_GIVEN DATA_.
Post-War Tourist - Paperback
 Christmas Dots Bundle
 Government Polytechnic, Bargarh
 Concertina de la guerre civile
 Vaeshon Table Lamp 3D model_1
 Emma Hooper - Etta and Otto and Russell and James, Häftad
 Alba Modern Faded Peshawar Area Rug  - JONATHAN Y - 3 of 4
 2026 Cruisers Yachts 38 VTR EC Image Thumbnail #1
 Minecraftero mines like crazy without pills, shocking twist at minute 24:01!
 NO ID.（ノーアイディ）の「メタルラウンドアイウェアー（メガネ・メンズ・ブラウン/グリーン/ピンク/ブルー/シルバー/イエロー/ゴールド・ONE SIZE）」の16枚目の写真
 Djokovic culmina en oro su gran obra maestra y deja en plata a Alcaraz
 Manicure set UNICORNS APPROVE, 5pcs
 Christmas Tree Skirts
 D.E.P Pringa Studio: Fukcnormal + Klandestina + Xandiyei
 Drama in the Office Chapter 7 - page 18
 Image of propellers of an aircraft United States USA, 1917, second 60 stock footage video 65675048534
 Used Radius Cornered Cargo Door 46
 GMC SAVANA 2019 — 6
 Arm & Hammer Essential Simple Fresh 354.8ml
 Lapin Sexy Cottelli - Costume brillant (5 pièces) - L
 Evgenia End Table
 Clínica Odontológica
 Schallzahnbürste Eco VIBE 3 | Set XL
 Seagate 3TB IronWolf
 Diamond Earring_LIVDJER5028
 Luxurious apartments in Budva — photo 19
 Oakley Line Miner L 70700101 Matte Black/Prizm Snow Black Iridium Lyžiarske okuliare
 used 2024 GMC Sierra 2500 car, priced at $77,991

_TO DO_. Only lines with the word "Table" should be collected from the material.

_RESULT OF THIS EXERCISE_.
 Vaeshon Table Lamp 3D model_1
 Evgenia End Table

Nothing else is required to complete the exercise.